### SOURCE RECORDS

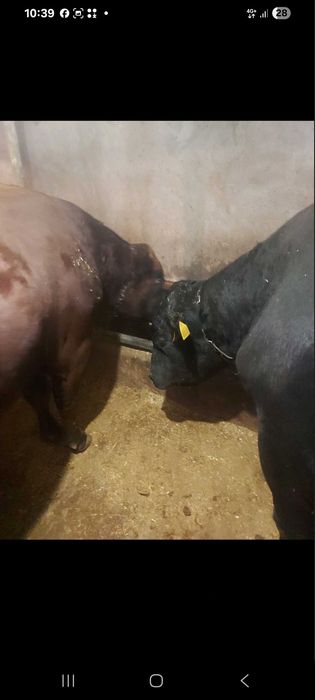 Мъжки угоени телета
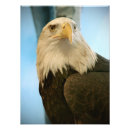 Search for flying eagle art Patriotic
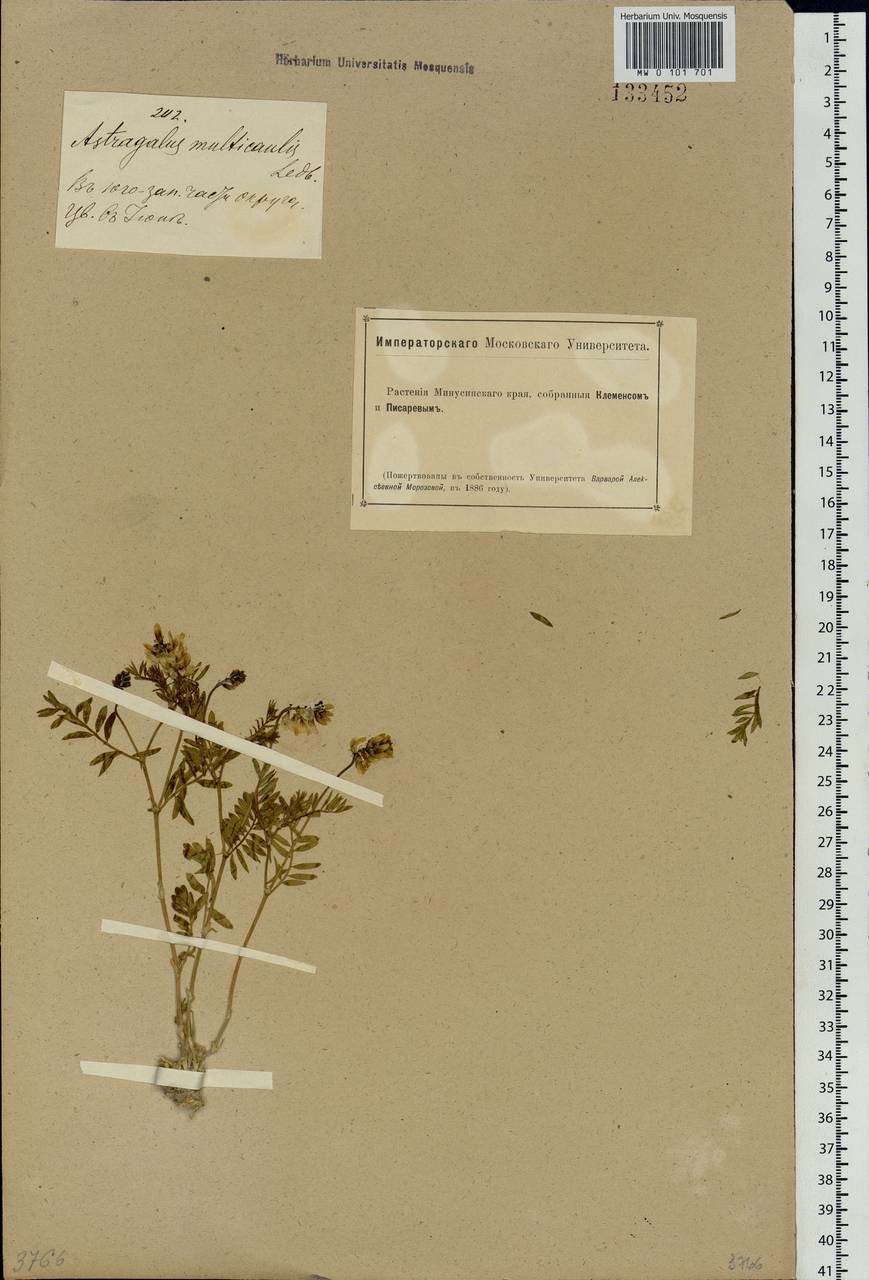 Astragalus macropterus DC., Siberia, Altai & Sayany Mountains (S2) (Russia)
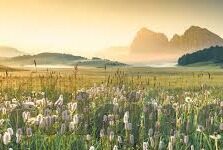 糖心app破解版无限-了解数字世界的界限，糖心APP的误用与安全探讨
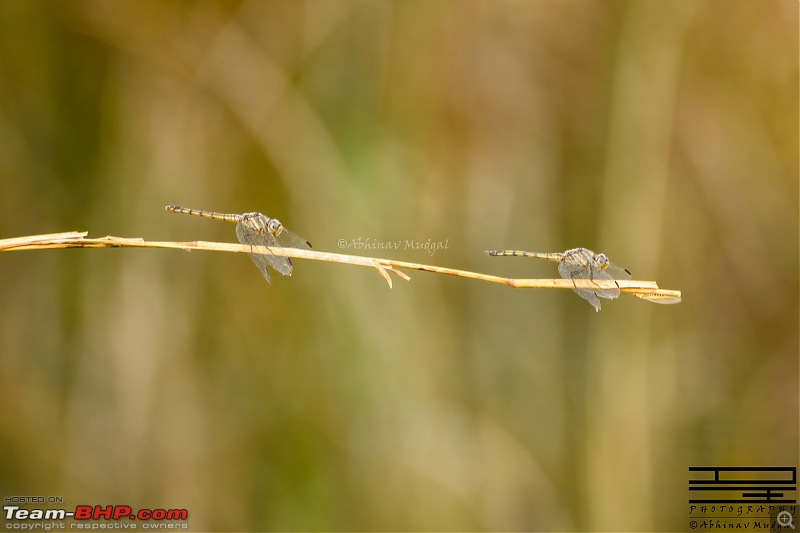 Rambling in the wild : Ranthambore, Jhalana, Bharatpur & more-dragonfly.jpg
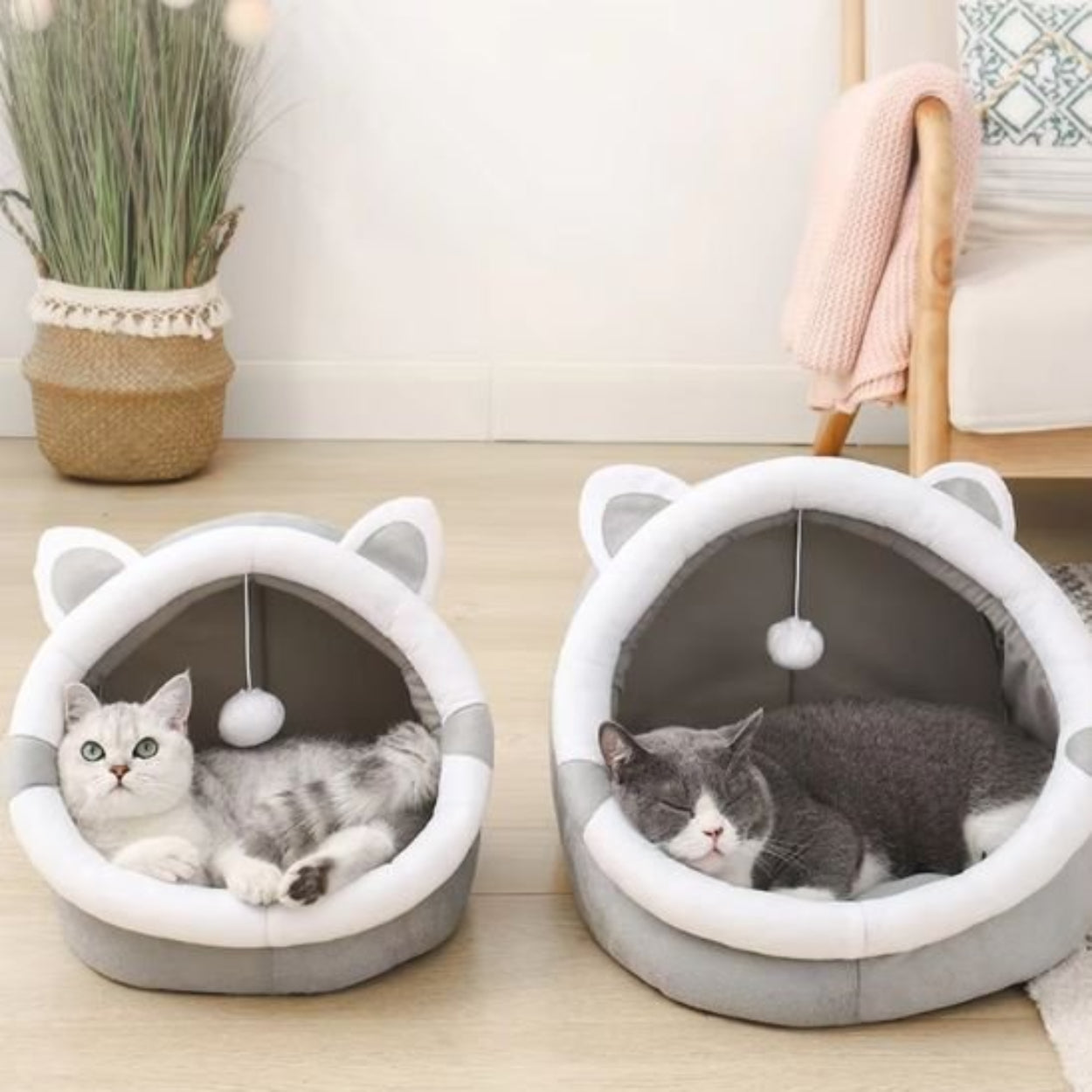 Panier pour chat lit de diversification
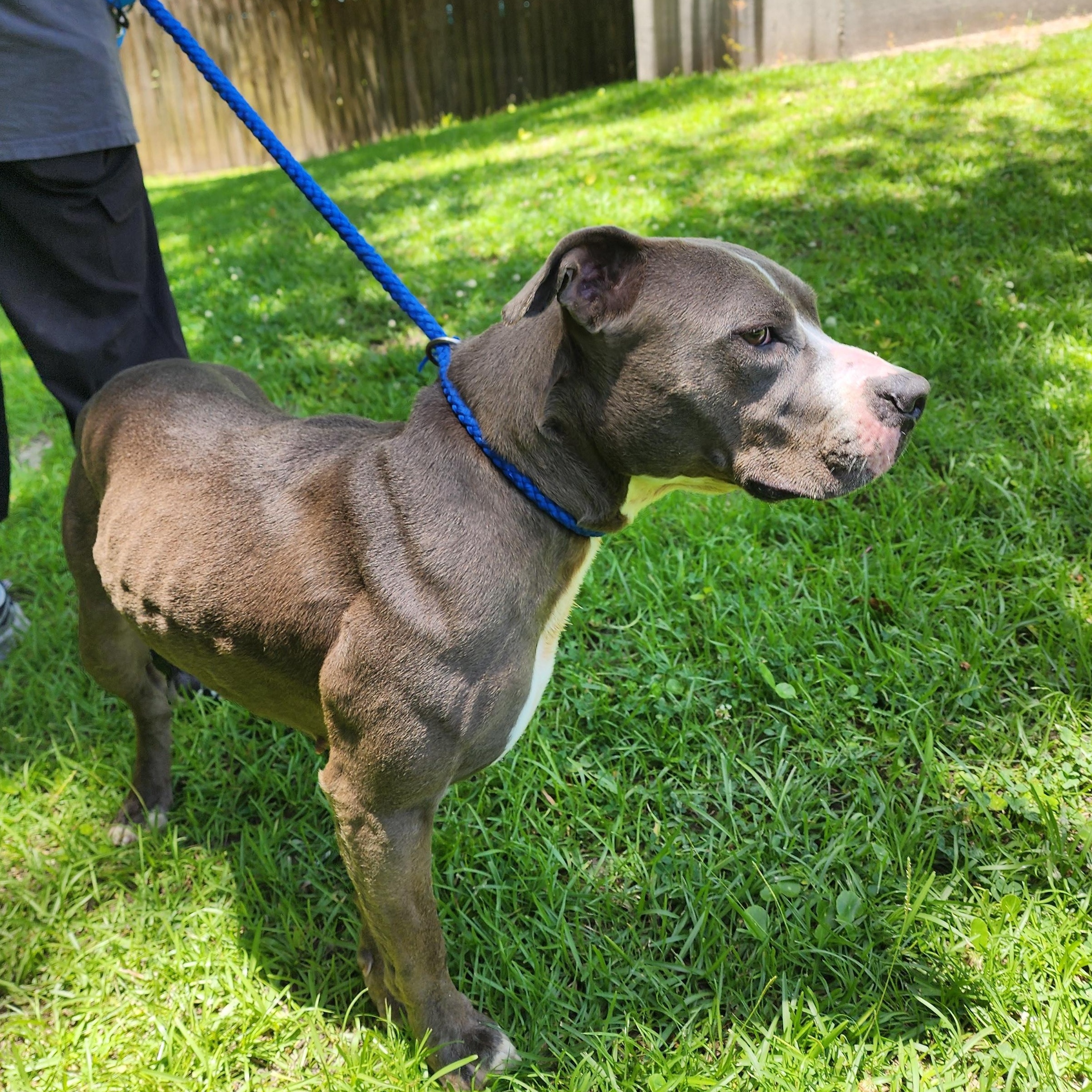 Catarina, a ADOPTABLE Mixed Breed in Slidell, LA image 4/4
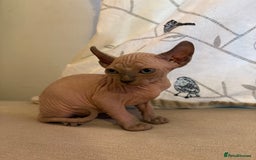 Sphynx cats for sale: Sphynx/ Bambino/ Elf Kittens - Image 1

######

* **REQUIRED WORK**:
What belongs in the answer is each line above, reproduced exactly, and no picture.

* **RESPONSE TO THIS EXERCISE**:
 Мъжки угоени телета
 Search for flying eagle art Patriotic
 Astragalus macropterus DC., Siberia, Altai & Sayany Mountains (S2) (Russia)
 糖心app破解版无限-了解数字世界的界限，糖心APP的误用与安全探讨
 Rambling in the wild : Ranthambore, Jhalana, Bharatpur & more-dragonfly.jpg
 Panier pour chat lit de diversification
 Catarina, a ADOPTABLE Mixed Breed in Slidell, LA image 4/4
 Sphynx cats for sale: Sphynx/ Bambino/ Elf Kittens - Image 1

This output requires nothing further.